Two Californians allegedly steal $40m with fairytale app

Internet Security Threat Report 2014

US trade regulators are accusing two California men of orchestrating a multi-million dollar ponzi scheme by convincing clients they owned a special stock option trading computer program with a near-flawless record for choosing winners.

The Securities and Exchange Commission on Wednesday said it has charged Anthony Vassallo and Kenneth Kenitzer with securities fraud in Sacramento federal court. It seeks an emergency court order to freeze the assets of Vassallo's company, EIMT.

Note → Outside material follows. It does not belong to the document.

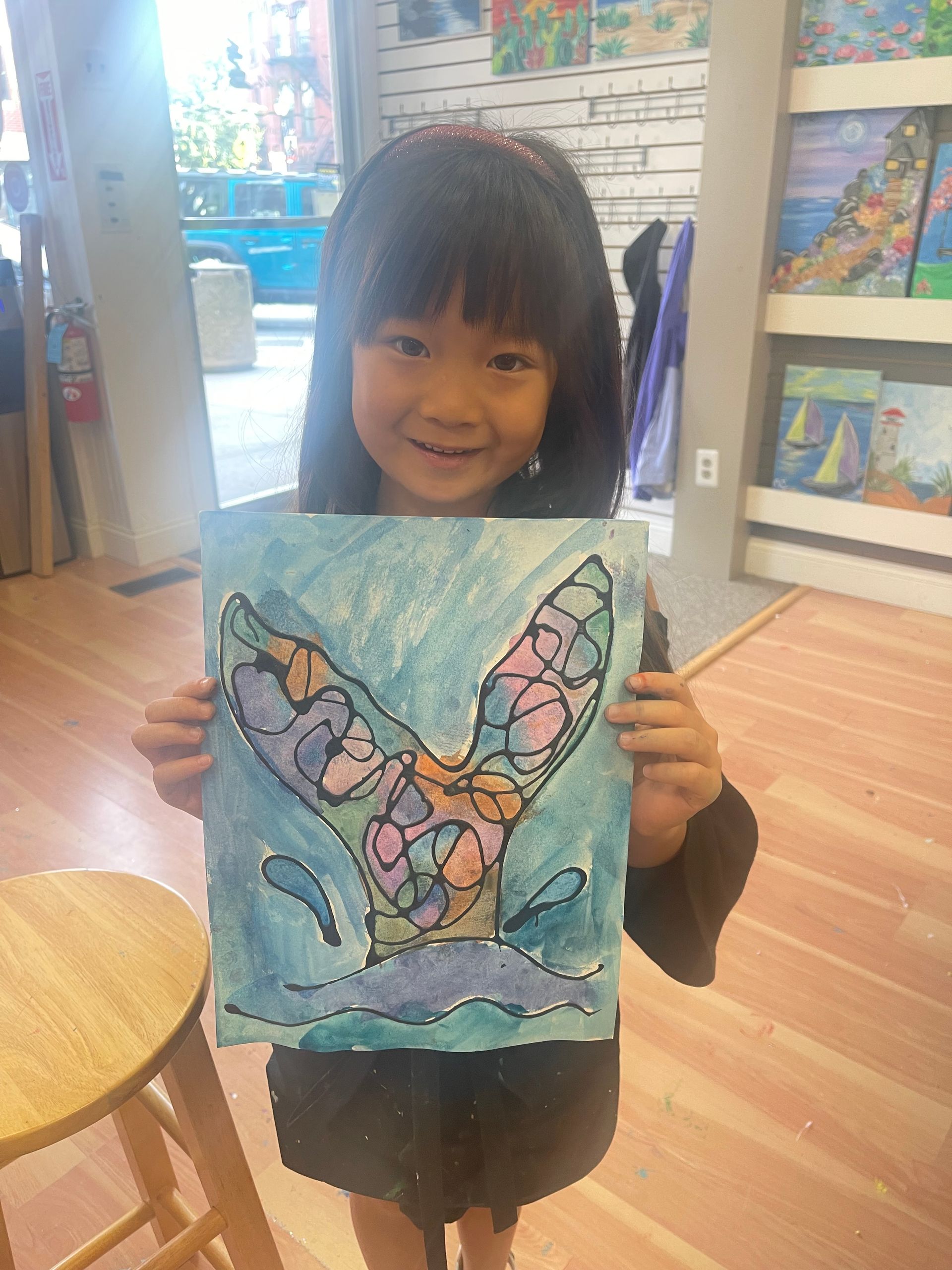 A little girl is holding a painting of a whale 's tail.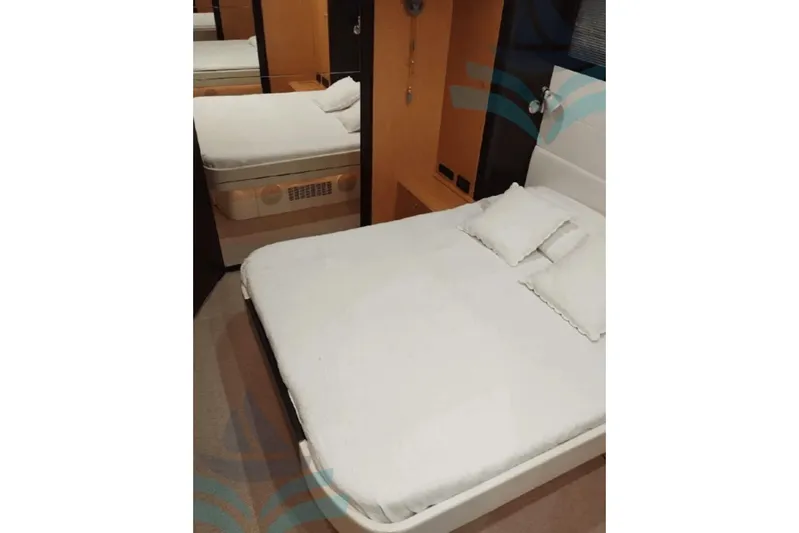  Yacht Photos Pics Luxurious bedroom interior of 2007 Ferretti Yachts Riva 63 Vertigo with elegant bedding.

According to the SEC's complaint, Vasallo fooled about about 150 investors — many of whom he met through his church — out of approximately $40m total from May 2004 through November 2008. He allegedly mislead his clients to invest their money in EIMT by claiming he had proprietary trade brokerage software which generated returns of about 3.5 per cent per month with little risk of loss.

Regulators allege that no such magical program actually exists — and that in reality, Vasallo just opened an account with TradeStation Securities, made a couple of trades, then transferred virtually all the funds into an EIMT bank account where both he and Kenitzer used the money for "unauthorized purposes." Vasallo then allegedly doled out so-called earnings to his clients with other investors' funds.

The complaint accuses Vasallo of providing his investors with documents that purported to show that, with only one exception, he had never suffered a monthly loss using his program. On several occasions, Vasallo also fabricated screen shots to show investors that EIMT had more than $53m invested, while no assets actually remained in the brokerage account.

Kenitzer was a principal of EIMT since 2005. The SEC claims he participated in the company's day-to-day operations and regularly posted false information on the EIMT's password-protected website where clients could monitor the supposed performance of their investments.

Investors who asked why they couldn't access their funds were allegedly offered excuses that involved everything from technical glitches to an SEC audit.

But the scheme apparently got shaky once two EIMT investors spoke with a TradeStation official and were told that Vasallo hadn't been an active trader there for more than a year and that his account had been terminated for "compliance reasons."

When a group of investors confronted Vasallo at EIMT's office in Folsom, California, he allegedly admitted he had not had any active accounts for some time. He also allegedly admitted the account statements he had shown were what he called "simulated."

Despite his admissions, the SEC accuses Vasallo of continuing to mislead investors by giving contradictory and unsupported claims about his use of EIMT investor funds.

The SEC wants to court to freeze the assets of Vassallo and EIMT, and for the company to provide verified accounting under its control. If found guilty of fraud, the SEC wants Vasallo and Kenitzer to relinquish their ill-gotten gains and pay additional financial penalties.